The last known person to see Tina Sisk-Gavach alive was found guilty of second-degree murder in another state last month. Now, investigators in the nearly five-year-old Ardmore cold case are pushing for answers.


Ardmore police began focusing on 45-year-old Kalvin Allison as a person of interest in the alleged murder of Sisk-Gavach after he was arrested over 700 miles away in Pensacola, Florida, in May 2019. Allison reportedly withdrew money from his neighbor’s bank account just three days after his neighbor was murdered.


Florida investigators were able to connect Allison with the murder based on evidentiary items found at his residence and he was sentenced to life in prison in October for second-degree murder, grand theft and destroying evidence.


Allison had previously been a person of interest in the Ardmore cold case based on the fact that he was the last known person to see the victim alive, Ardmore Police Department Capt. Eric Hamblin said.


Sisk-Gavach was first reported missing in January 2015. After several months of an intensive effort to locate the 42 year old, investigators reportedly discovered her remains buried in a shallow, handmade grave on a property in Lone Grove.


The victim’s remains were mostly decomposed by the time they were found, making it difficult for medical examiners to determine a cause of death, Hamblin said. There were no signs of cuts in her rib cage, fractured bones or a bullet in the head.


Five years later, Sisk-Gavach’s cause of death is still marked as “unknown” in the medical examiner’s report.


“The problem is that in this case, the medical examiner’s report makes it very difficult to move forward. But having said that, we never close homicide cases,” Hamblin said. “If it’s an unsolved case, it’s open. We have investigators assigned to all of our cold cases and they’re continually following up on leads, continually looking for new ways to solve the crime.”


Hamblin said Allison is believed to have moved from Ardmore to the Pensacola area sometime around the discovery of the victim’s body in July 2015.


“I know that he moved there shortly after the discovery of her body or shortly before — we weren’t sure at the time which, but either right before or right after her body was discovered, he moved to Florida,” Hamblin said. “Strange, I know.”


The case may be hard to prosecute due to a lack of evidence, Hamblin said.
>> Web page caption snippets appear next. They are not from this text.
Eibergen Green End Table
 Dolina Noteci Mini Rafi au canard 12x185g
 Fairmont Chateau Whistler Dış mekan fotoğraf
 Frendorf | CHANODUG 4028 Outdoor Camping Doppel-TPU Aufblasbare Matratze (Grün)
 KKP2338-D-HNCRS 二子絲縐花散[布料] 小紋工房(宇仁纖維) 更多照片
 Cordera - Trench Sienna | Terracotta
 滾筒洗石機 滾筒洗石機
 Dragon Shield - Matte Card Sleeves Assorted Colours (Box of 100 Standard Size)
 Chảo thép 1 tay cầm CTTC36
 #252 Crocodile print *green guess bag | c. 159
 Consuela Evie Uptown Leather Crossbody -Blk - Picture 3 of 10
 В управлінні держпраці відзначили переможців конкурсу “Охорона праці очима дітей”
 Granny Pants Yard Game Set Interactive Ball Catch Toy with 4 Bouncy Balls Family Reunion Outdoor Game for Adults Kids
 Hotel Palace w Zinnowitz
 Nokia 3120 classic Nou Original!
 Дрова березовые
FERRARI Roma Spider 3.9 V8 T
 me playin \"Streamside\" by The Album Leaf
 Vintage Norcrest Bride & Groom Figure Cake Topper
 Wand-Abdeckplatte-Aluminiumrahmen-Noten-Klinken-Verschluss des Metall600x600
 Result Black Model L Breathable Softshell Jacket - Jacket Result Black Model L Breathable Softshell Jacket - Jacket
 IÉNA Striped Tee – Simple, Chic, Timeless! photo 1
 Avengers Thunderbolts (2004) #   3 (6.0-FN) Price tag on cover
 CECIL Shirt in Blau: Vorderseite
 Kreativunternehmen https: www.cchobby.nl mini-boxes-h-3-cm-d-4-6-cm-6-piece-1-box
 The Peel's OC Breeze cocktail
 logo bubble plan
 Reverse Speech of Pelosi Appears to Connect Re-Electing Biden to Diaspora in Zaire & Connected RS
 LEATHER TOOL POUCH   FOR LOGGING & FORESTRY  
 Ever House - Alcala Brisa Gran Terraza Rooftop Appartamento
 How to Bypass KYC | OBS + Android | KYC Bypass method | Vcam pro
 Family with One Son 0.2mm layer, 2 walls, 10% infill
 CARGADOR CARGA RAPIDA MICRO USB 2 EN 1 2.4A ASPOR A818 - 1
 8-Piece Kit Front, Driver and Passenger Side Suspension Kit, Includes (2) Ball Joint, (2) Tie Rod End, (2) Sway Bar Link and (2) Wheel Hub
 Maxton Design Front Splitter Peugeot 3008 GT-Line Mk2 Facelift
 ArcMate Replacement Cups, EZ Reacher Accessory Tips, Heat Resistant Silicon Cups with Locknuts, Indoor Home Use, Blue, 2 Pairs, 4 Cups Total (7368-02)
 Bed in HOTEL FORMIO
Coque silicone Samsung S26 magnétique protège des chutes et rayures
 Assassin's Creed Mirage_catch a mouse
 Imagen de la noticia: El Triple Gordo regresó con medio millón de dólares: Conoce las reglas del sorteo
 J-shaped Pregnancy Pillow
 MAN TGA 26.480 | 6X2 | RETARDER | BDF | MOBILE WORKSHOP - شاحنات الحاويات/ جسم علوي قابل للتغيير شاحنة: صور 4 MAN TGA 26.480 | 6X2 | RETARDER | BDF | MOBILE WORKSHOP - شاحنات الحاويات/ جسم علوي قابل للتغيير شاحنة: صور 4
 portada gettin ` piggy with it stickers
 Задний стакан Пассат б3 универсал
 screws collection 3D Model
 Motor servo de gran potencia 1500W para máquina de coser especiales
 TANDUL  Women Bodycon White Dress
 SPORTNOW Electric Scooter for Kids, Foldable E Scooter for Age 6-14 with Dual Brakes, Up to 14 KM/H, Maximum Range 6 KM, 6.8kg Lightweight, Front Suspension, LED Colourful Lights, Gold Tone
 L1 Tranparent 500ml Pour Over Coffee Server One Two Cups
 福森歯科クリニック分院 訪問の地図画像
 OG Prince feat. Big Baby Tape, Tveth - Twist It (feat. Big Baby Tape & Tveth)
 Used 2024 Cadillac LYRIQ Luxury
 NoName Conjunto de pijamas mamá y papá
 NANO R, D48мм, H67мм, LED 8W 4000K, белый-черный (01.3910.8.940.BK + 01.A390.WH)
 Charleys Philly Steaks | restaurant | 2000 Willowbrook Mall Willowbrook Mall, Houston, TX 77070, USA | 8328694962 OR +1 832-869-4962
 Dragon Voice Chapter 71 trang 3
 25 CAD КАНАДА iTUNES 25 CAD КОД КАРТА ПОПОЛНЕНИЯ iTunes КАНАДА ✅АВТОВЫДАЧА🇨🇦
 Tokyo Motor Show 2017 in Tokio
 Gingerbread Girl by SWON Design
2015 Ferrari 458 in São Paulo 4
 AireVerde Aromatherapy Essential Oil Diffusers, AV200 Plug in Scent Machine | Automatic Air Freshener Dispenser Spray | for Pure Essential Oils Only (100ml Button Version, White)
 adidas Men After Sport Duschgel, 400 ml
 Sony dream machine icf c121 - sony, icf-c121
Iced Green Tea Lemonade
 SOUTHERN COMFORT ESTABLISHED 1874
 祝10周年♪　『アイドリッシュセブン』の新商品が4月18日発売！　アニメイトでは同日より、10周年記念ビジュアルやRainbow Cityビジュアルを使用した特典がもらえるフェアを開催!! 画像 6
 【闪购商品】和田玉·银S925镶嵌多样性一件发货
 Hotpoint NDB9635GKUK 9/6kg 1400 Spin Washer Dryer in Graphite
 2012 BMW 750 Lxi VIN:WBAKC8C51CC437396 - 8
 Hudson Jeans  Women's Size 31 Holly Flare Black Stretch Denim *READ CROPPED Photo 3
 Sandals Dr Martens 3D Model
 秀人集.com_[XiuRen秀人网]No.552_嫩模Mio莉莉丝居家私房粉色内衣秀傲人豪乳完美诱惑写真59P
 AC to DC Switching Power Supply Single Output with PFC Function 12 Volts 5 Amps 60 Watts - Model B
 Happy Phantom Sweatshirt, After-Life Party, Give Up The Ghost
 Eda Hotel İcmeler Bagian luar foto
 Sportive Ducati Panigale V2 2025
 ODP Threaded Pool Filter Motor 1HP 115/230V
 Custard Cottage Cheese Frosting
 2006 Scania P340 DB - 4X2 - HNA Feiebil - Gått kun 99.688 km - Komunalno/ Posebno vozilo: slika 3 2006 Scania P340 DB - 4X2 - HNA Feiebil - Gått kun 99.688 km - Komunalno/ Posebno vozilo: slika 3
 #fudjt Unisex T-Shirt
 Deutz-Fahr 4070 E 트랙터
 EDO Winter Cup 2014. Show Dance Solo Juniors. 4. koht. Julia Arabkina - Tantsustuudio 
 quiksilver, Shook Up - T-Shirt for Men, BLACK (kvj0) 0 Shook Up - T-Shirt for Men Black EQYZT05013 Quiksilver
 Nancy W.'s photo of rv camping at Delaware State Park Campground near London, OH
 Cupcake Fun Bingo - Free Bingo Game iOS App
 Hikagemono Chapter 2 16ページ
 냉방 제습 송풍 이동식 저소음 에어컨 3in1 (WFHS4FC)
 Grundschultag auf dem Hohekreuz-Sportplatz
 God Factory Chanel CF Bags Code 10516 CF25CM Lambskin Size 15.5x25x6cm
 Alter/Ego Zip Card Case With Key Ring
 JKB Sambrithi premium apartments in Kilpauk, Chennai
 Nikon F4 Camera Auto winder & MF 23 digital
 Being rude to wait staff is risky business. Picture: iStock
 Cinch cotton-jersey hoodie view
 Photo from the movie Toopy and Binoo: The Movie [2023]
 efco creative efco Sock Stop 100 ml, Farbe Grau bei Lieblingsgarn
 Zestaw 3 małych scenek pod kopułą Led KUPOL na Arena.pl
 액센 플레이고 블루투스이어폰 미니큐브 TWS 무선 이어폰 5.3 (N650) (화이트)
However, investigators are currently working to see if they can elicit a confession from Allison. If enough evidence is obtained, Hamblin said charges will be sent over to the District Attorney’s office.


“The family deserves closure, we need to know what happened,” Hamblin said. “If it’s a crime and we’re able to prove that it’s a crime, the District Attorney will file a charge and (Allison) will have to answer for his crime.”